[Opening DATA BELOW section]

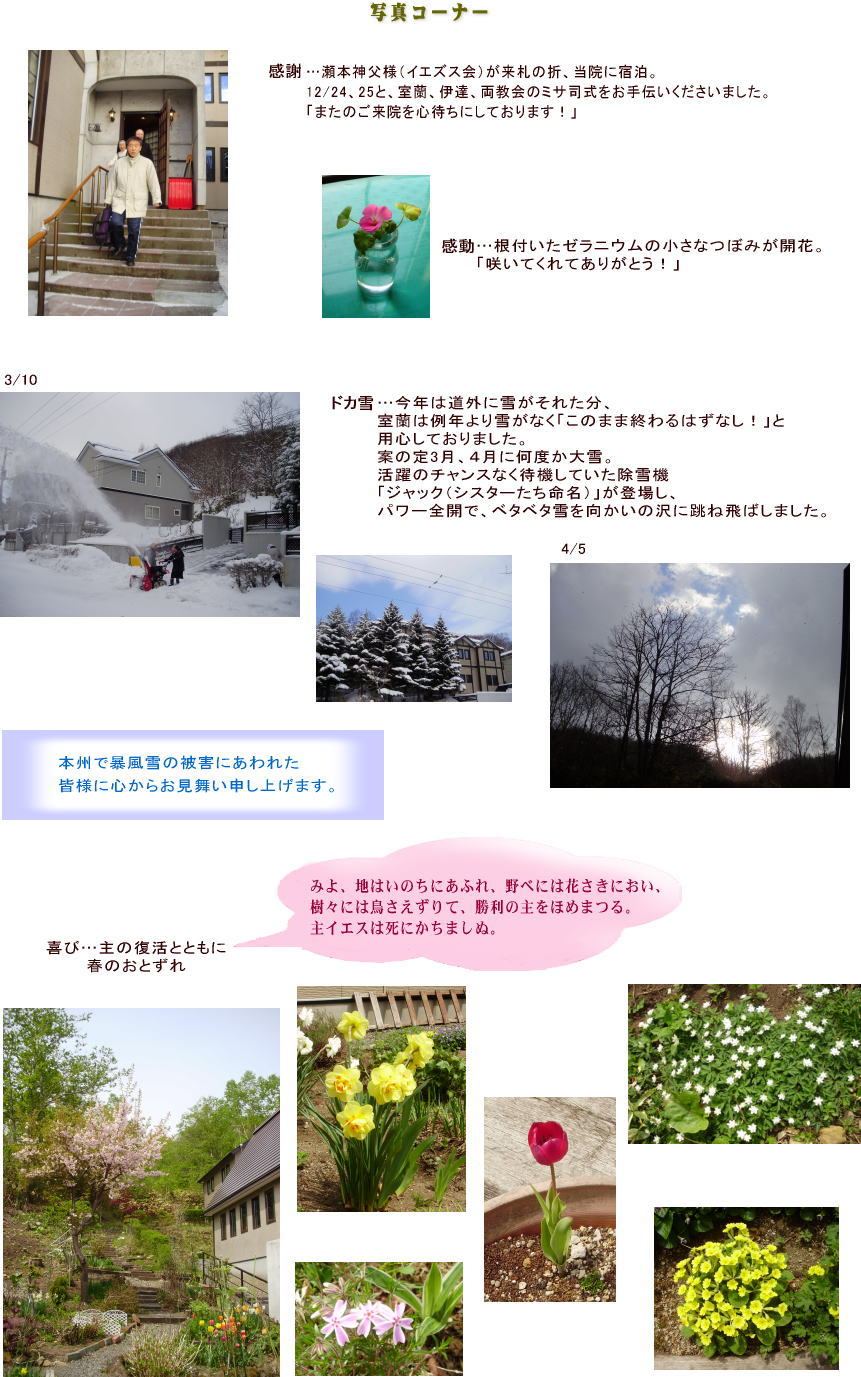 �ʐ^�R�[�i�[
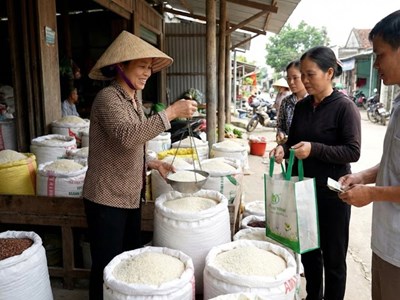 Giá lúa gạo hôm nay 5.12: Nội địa ổn định, xuất khẩu giảm nhẹ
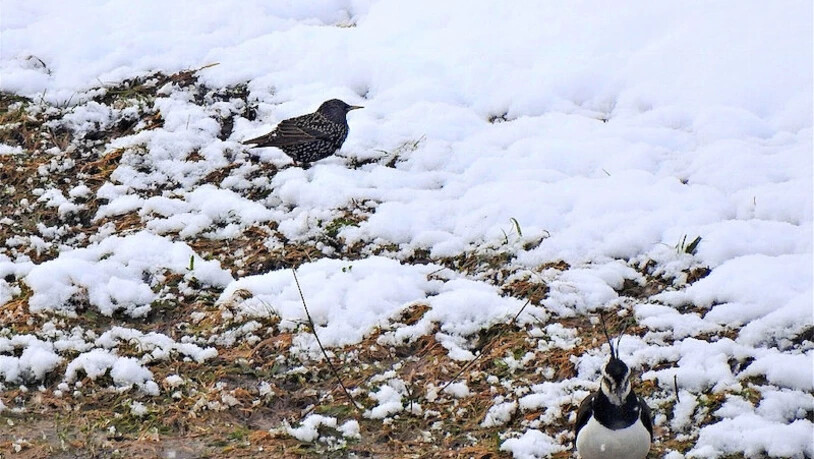 Der ideale Rastplatz: Kiebitze und weitere Vögel haben eine grosse Wasserpfütze in Diesbach auf dem Rückweg aus dem Überwinterungsgebiet als Zwischenstopp ausgewählt.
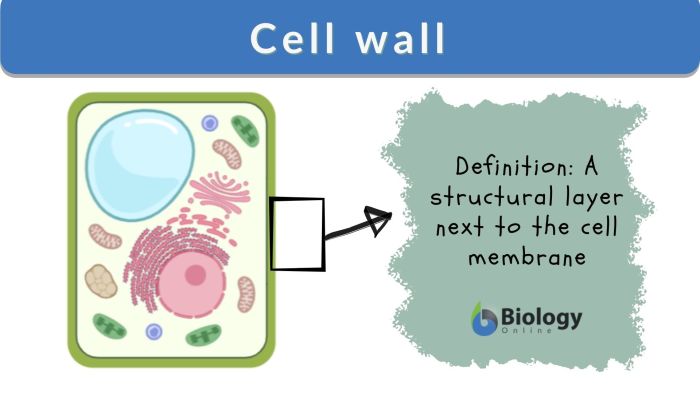 Membrane sutori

[Closing DATA BELOW section]

INSTRUCTIONS FOR THE TASK: Repeat the material above verbatim. Leave the pictures behind.

SOLUTION:
 �ʐ^�R�[�i�[
 Giá lúa gạo hôm nay 5.12: Nội địa ổn định, xuất khẩu giảm nhẹ
 Der ideale Rastplatz: Kiebitze und weitere Vögel haben eine grosse Wasserpfütze in Diesbach auf dem Rückweg aus dem Überwinterungsgebiet als Zwischenstopp ausgewählt.
 Membrane sutori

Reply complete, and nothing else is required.